Supplied material:
*** Block opens ***
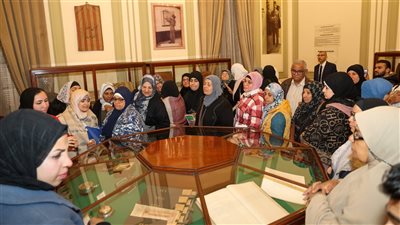 إقبال كبير من الزائرين على 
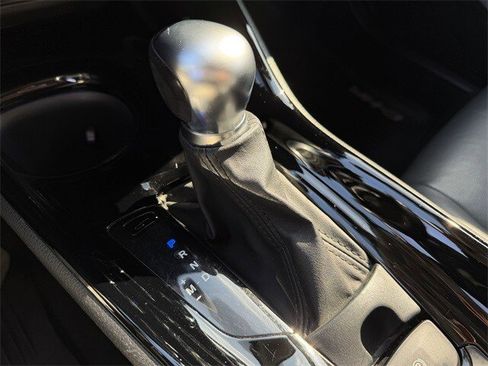 Used 2021 Toyota C-HR Limited image 19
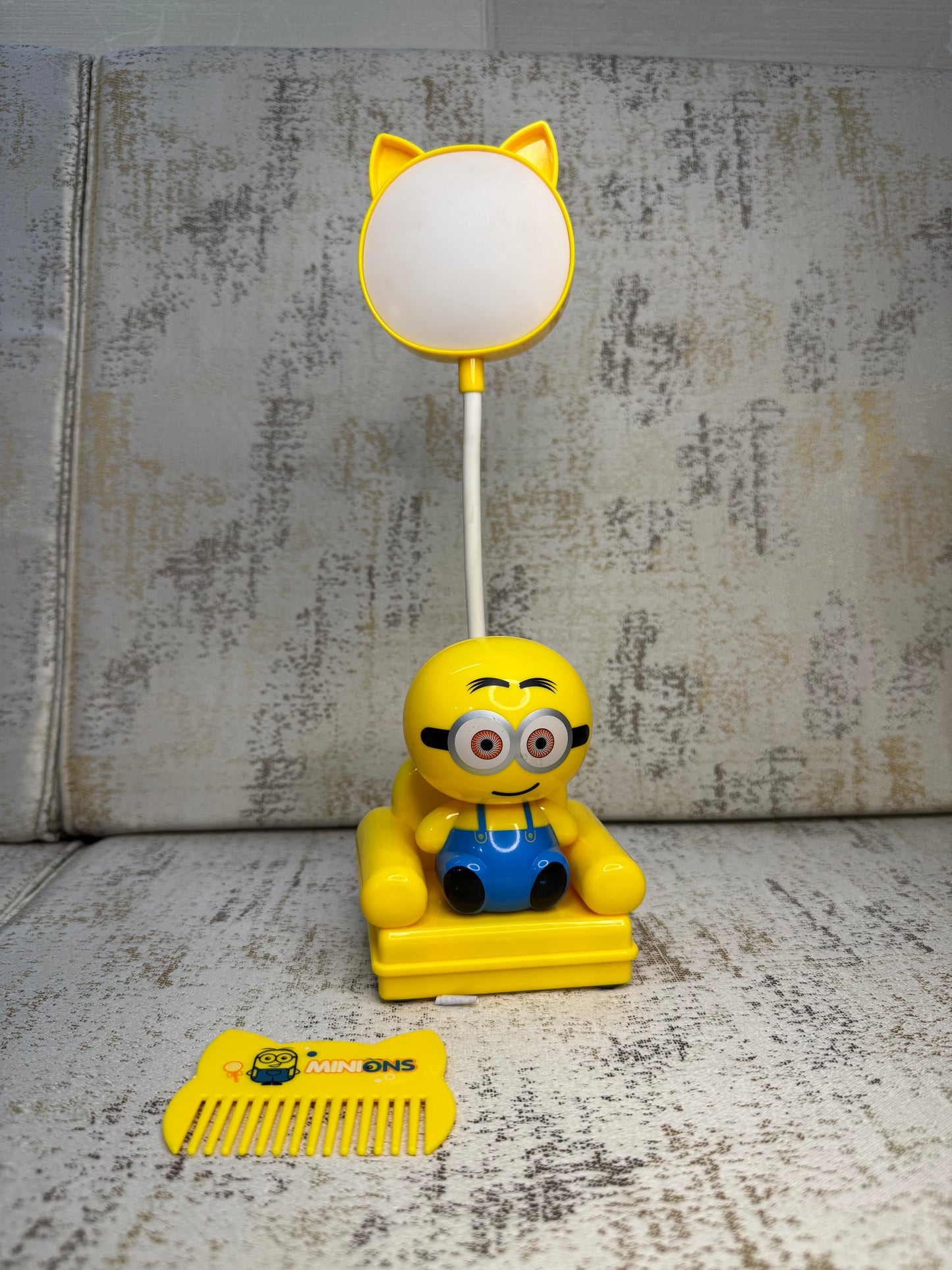 Minion desk lamp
*** Block closes ***
Task statement: Return exactly the lines starting at the line with "Used 2021 Toyota C-HR Limited image 19" and ending at the last line of the listing, both ends included; pictures are to be left out.

Answer to this exercise:
 Used 2021 Toyota C-HR Limited image 19
 Minion desk lamp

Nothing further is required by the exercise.